Increasing the Minimum Wage in Ontario: A Flawed Anti-Poverty Policy
— Publié le 19, June, 2018
Main Conclusions
- As part of its Poverty Reduction Strategy, former Premier Kathleen Wynne’s government was planning to raise the minimum wage from $11.60 in 2017 to $15 per hour by 2019. But, raising the minimum wage is not an effective way to alleviate poverty, primarily because the policy fails to provide help targeted to families living in poverty.
- In 2015, the latest year of available data, 90.8% of workers earning minimum wage in Ontario did not live in low income families. Though counterintuitive, it makes sense once we explore their age and family situation. In fact, most of those earning minimum wage are not the primary or sole income-earner in their family.
- In 2017, the year before Ontario was to increase the minimum wage, 59.2% of all minimum wage earners were under the age of 25 and the vast majority of them (86.3%) lived with a parent or other relative.

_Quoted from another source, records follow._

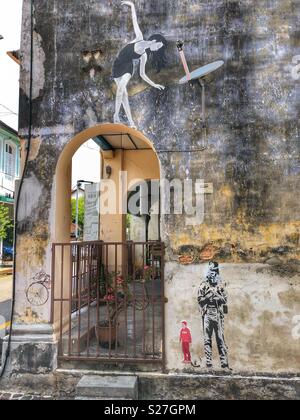 Whimsical di arte di strada nel centro storico di George Town, Penang, Malaysia. Foto Stock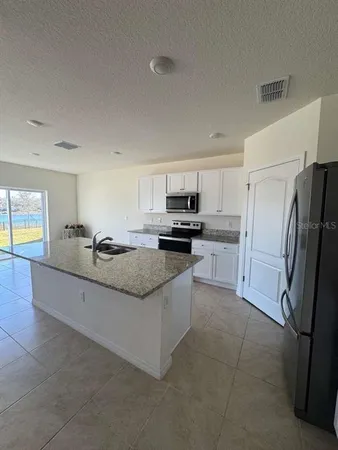 a large kitchen with granite countertop a refrigerator oven a sink and dishwasher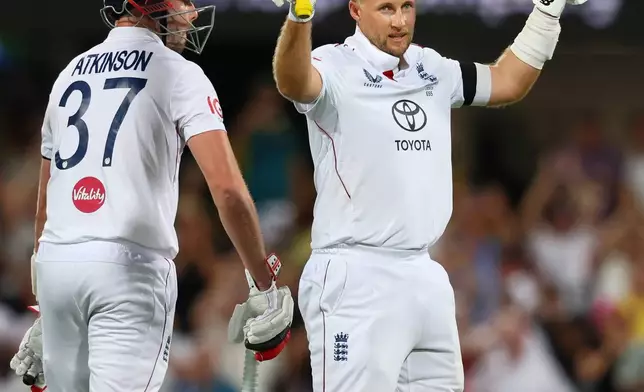 England's Joe Root celebrates his century during the second Ashes cricket test match between Australia and England in Brisbane, Thursday, Dec. 4, 2025.. (AP Photo/Tertius Pickard)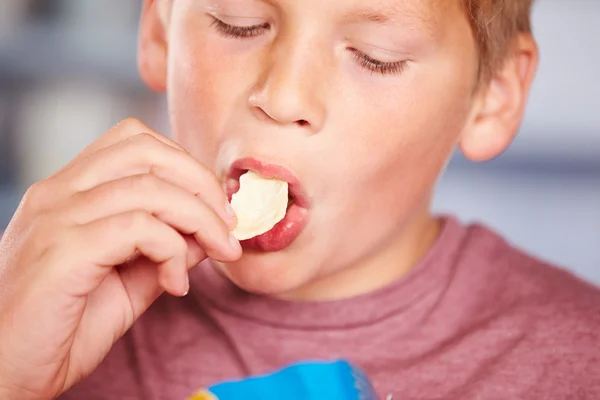 Хлопчик їсть пакет картопляних чіпсів — стокове фото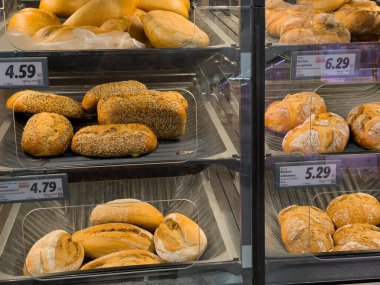 Poznan, Polonya - 29 Ekim 2025: Altın kabuklu ekmek ve rulo, taze pişmiş, temiz süpermarket raflarında sergileniyor, sağlıklı gıda seçenekleri sunuyor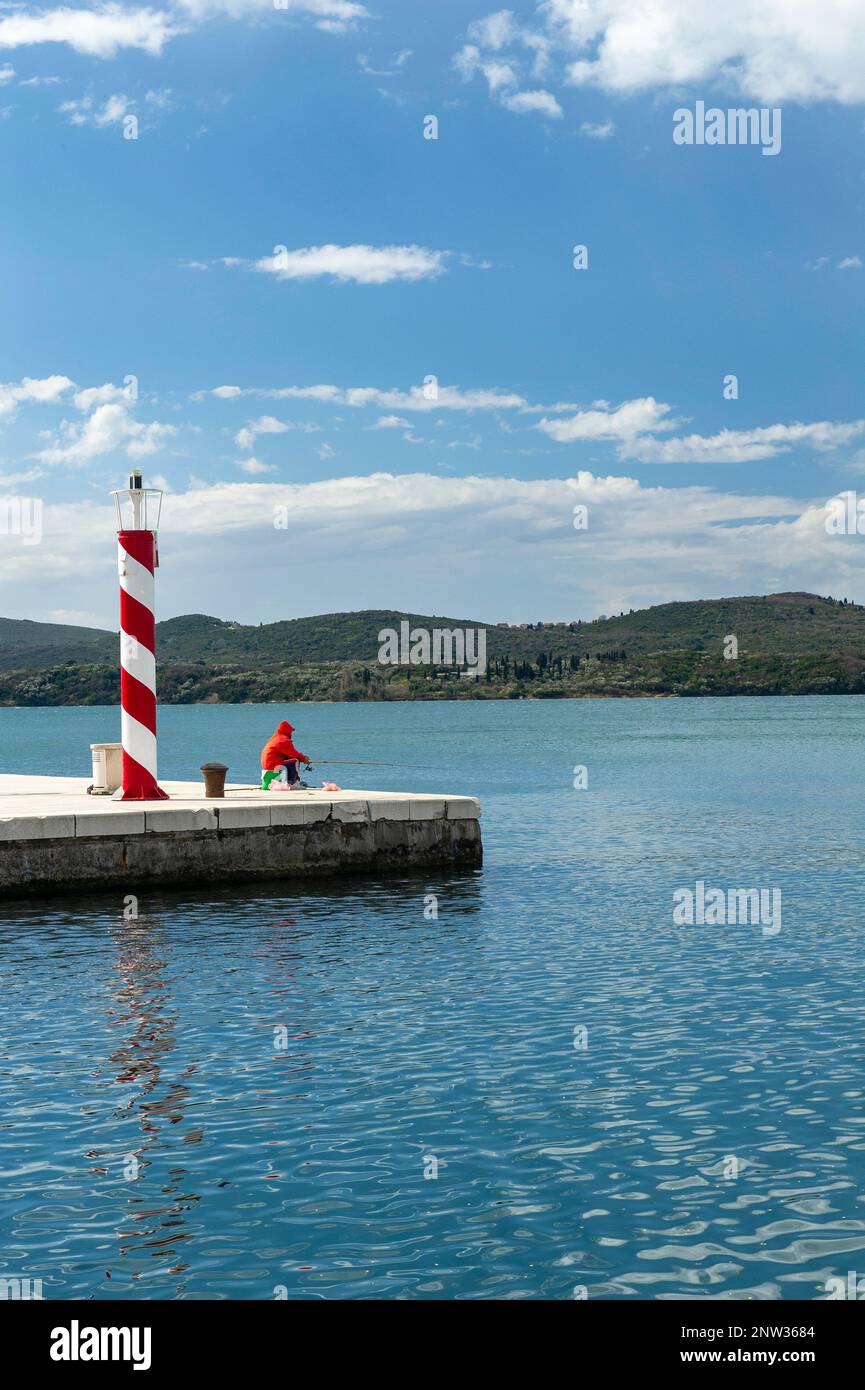 A fisherman in Porto Montenegro, Montenegro Stock Photo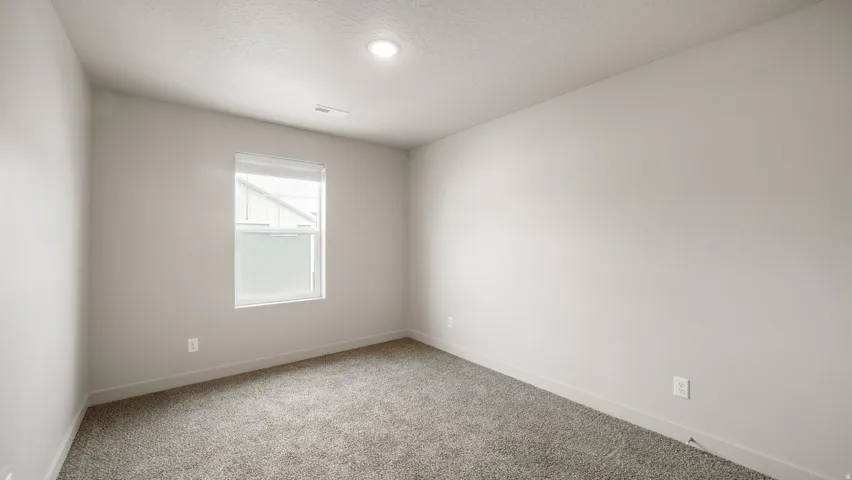 Room featuring light gray carpet, neutral wall paint, and a white window with blinds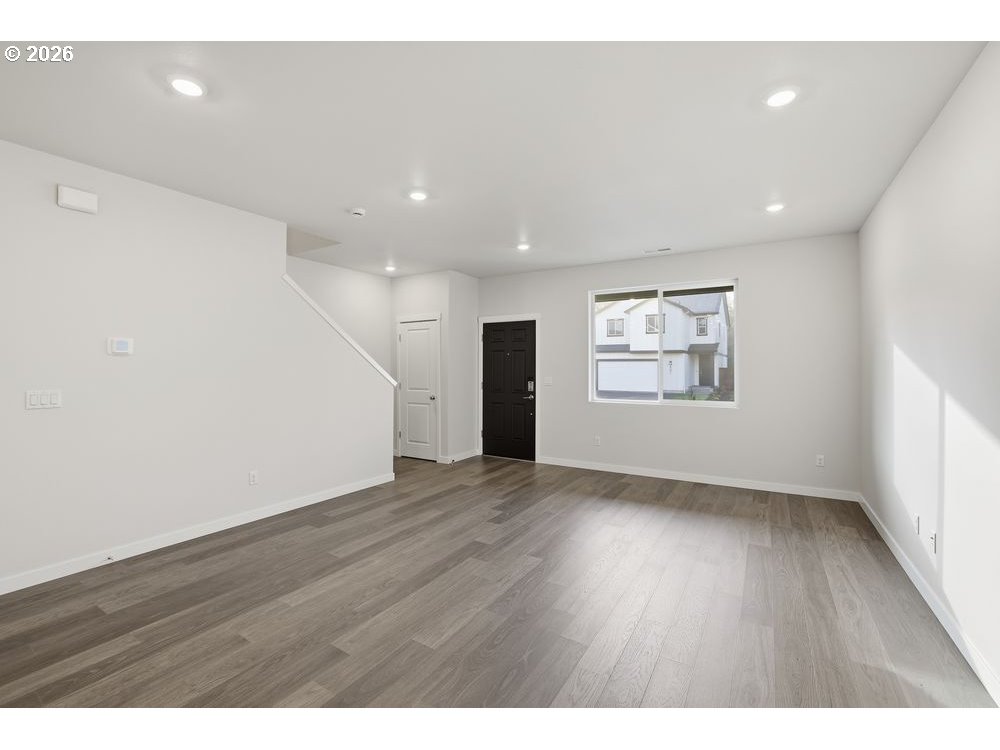 444 Southwest 32nd Street Battle Ground, WA 98604 - Photo 6 of 13 a view of an empty room with wooden floor and a window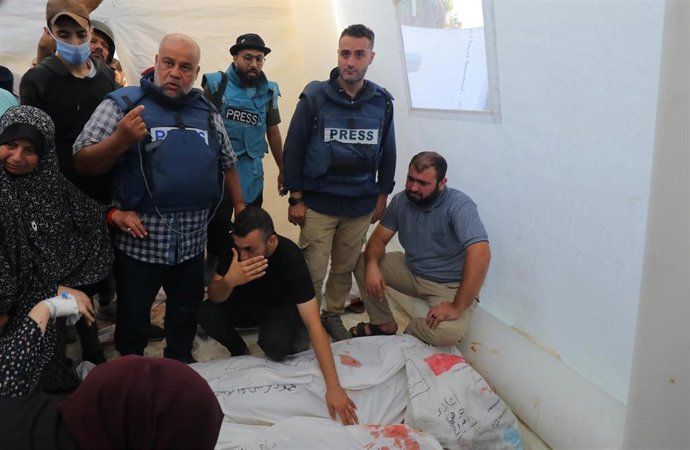 Varios reporteros, entre ellos Wael al Dahdú, de Al Yazira, junto a los cadáveres de sus hijos.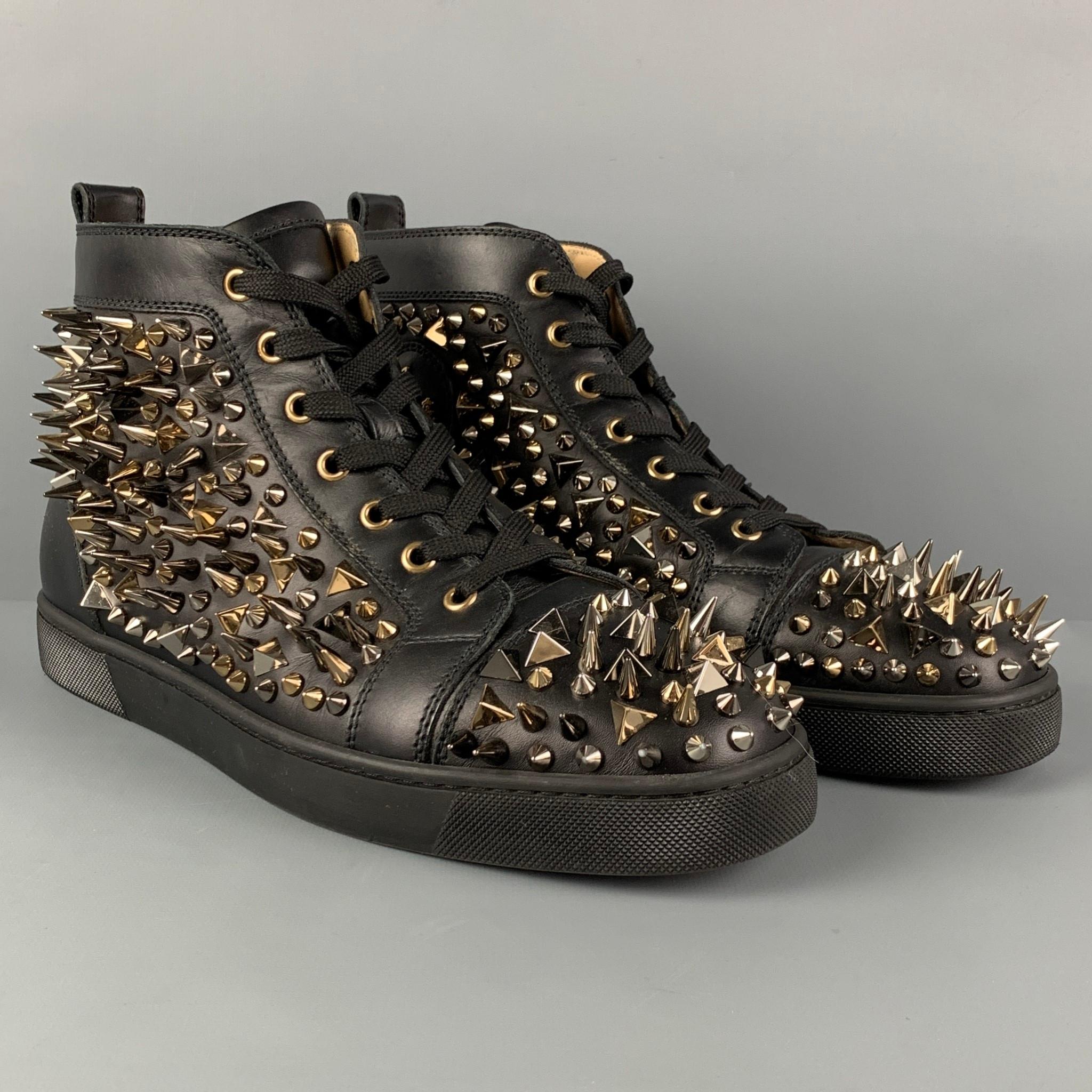 CHRISTIAN LOUBOUTIN 'Louis All Over Spikes High Top' sneakers comes in a black leather featuring silver & gold tone spike details throughout, high-top, signature red sole, and a lace up closure. Comes with dust bag. 

Very Good Pre-Owned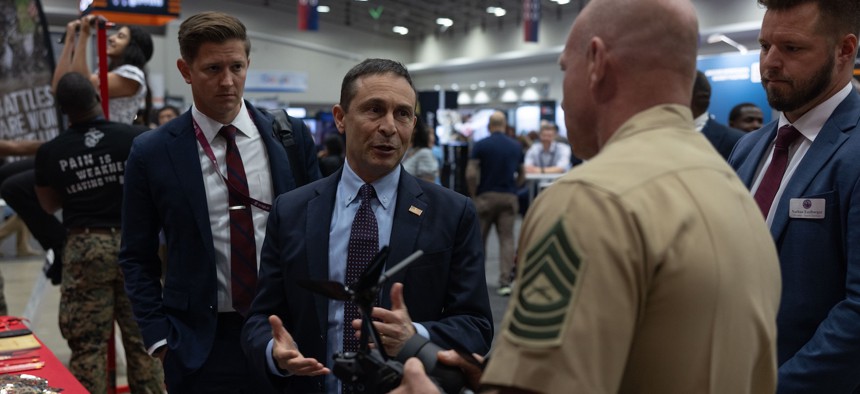 Defense Innovation Unit Director Doug Beck speaks to Master Sgt. Joshua Shelly about the Neros Archer drone during the AI+ Expo in Washington D.C., June 2, 2025.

- Moreover, 17.8% of all minimum wage earners had an employed spouse. Of these, 95.7% had spouses that were either self-employed or earning more than the minimum wage. Just 2.1% of Ontario minimum wage earners were single parents with young children.
- In addition to ineffectively targeting the working poor, raising the minimum wage also produces several unintended economic consequences to the detriment of young and inexperienced workers. These include fewer job opportunities, decreases in hours available for work, reductions in non-wage benefits, more automation, and higher consumer prices, which disproportionately hurt the working poor.
- A work-based subsidy is a more effective policy since it better targets the benefits to those in need without these negative economic consequences.